» TASK REQUIREMENTS
Look at the data below and print exactly the lines from its first line through the line with "Sunrise Reflections The"; the pictures stay out of the copy.

» EXERCISE MATERIALS

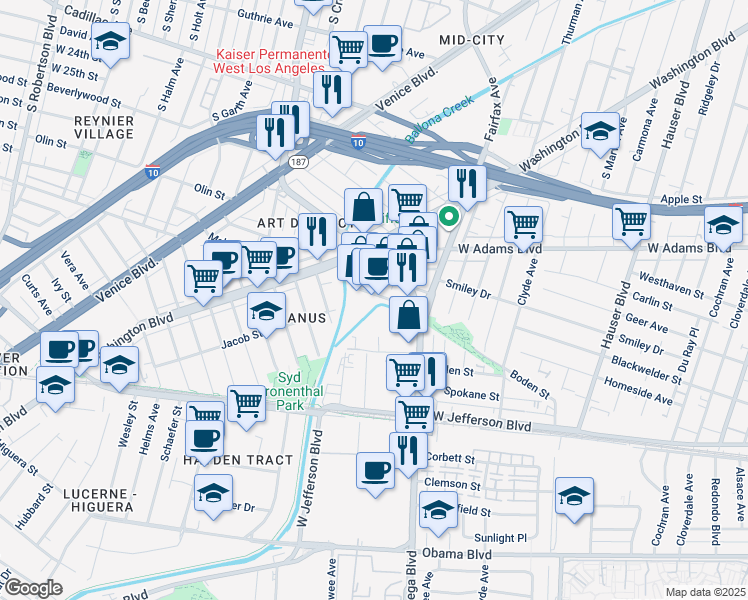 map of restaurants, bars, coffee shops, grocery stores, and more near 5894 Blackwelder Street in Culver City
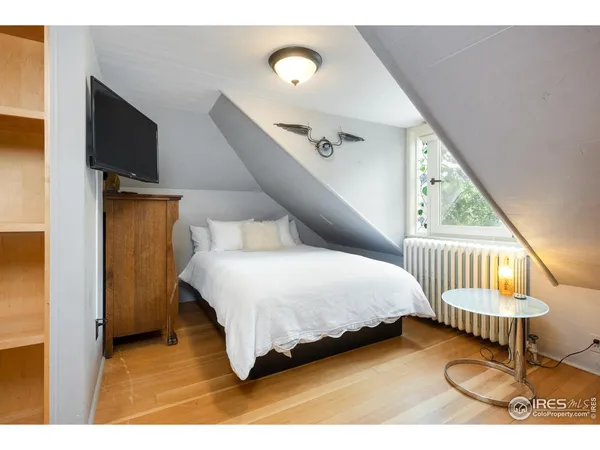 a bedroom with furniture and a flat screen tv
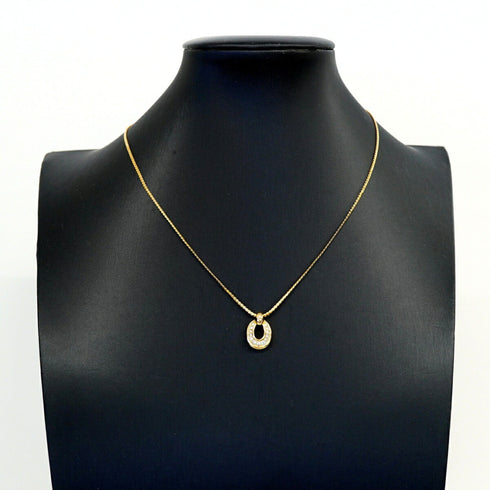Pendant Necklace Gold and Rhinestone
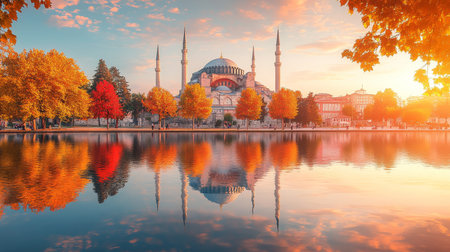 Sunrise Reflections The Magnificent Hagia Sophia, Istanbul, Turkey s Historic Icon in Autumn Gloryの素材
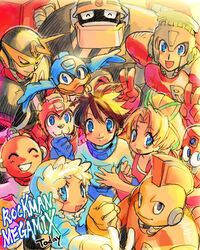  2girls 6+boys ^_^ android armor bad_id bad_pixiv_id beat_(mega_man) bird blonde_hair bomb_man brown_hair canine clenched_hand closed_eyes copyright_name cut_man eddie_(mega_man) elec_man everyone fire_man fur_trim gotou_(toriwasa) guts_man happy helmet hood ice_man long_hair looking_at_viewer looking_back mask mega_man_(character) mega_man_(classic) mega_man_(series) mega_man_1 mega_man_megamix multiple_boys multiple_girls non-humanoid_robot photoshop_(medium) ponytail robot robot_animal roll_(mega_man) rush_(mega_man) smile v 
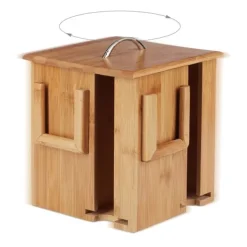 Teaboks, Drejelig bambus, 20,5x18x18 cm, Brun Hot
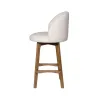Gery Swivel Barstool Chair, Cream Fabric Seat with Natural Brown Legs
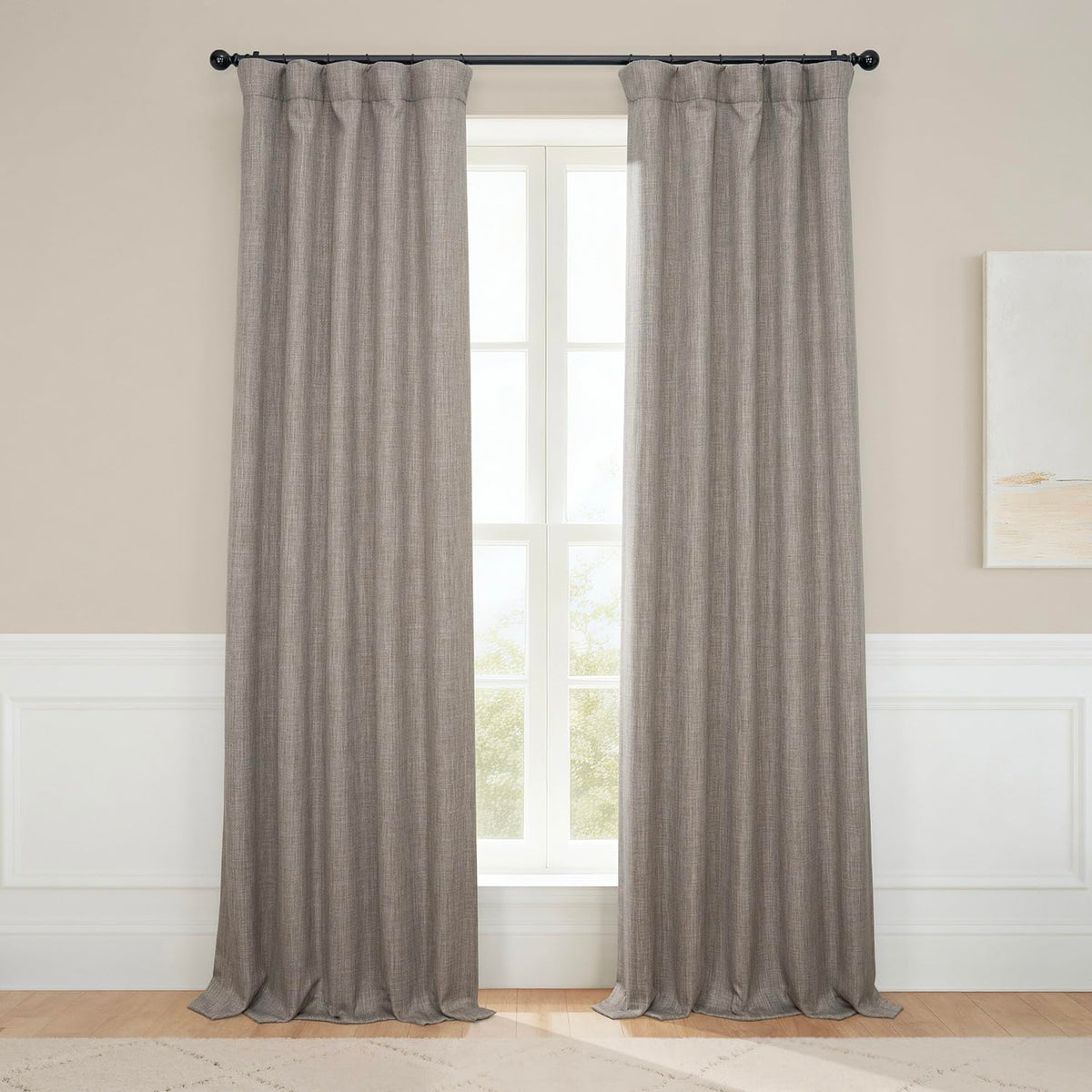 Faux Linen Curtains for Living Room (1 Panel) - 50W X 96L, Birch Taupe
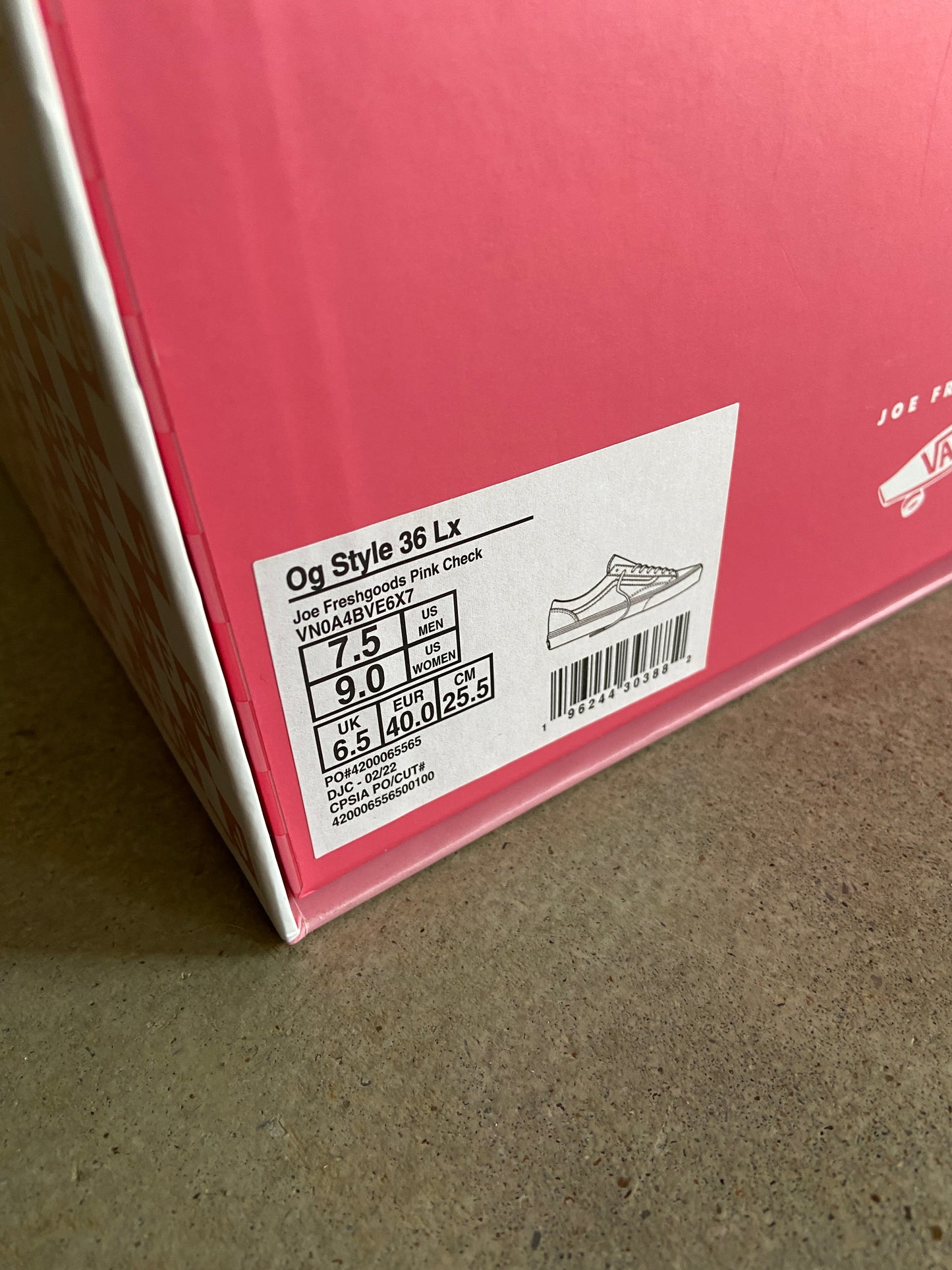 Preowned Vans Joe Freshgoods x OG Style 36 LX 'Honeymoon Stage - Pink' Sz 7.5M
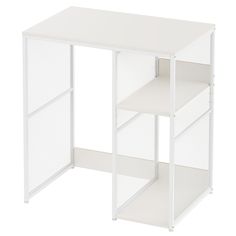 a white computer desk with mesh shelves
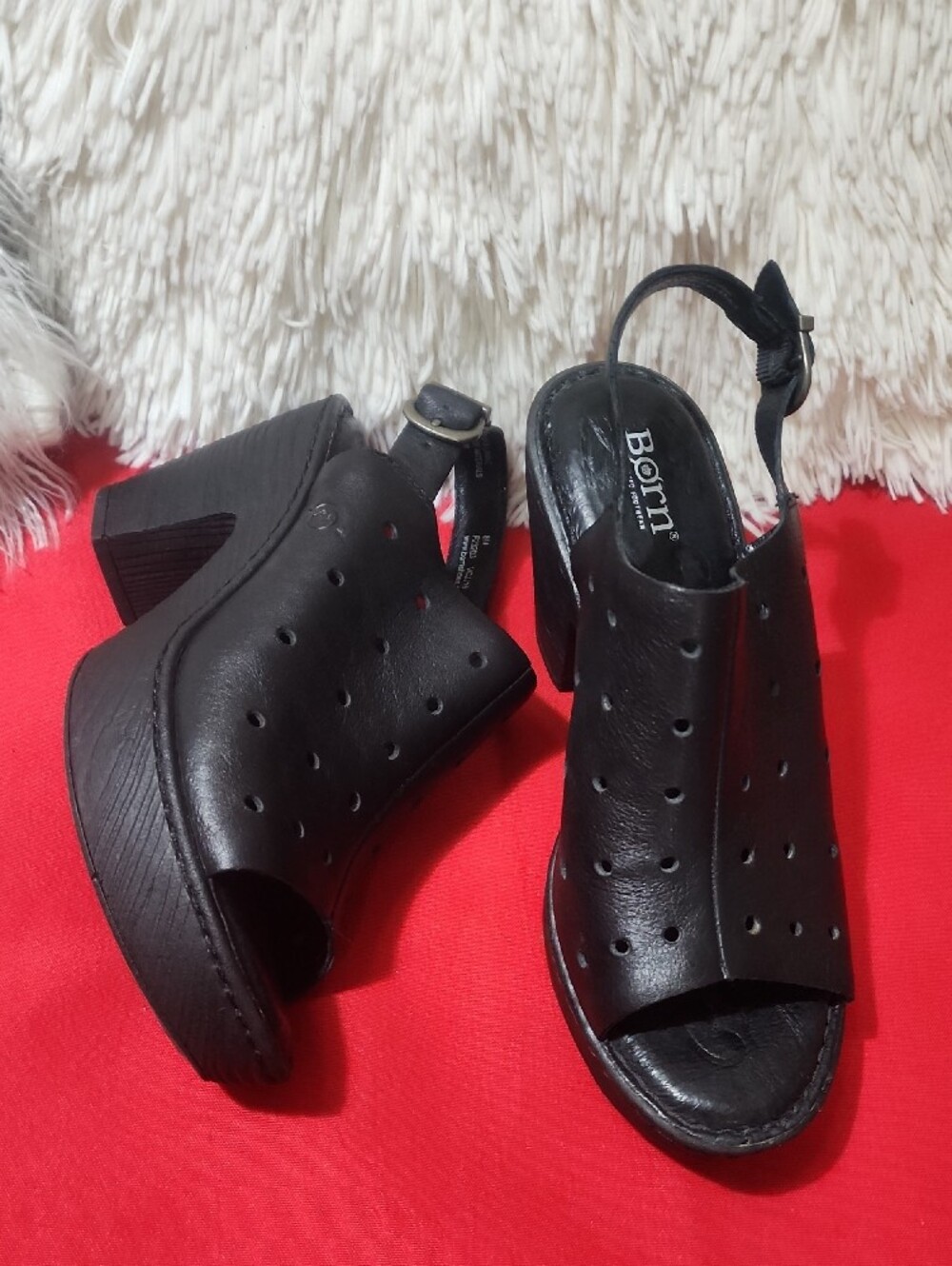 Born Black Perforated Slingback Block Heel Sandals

» EXERCISE RESPONSE
 map of restaurants, bars, coffee shops, grocery stores, and more near 5894 Blackwelder Street in Culver City
 a bedroom with furniture and a flat screen tv
Pendant Necklace Gold and Rhinestone
 Sunrise Reflections The Magnificent Hagia Sophia, Istanbul, Turkey s Historic Icon in Autumn Gloryの素材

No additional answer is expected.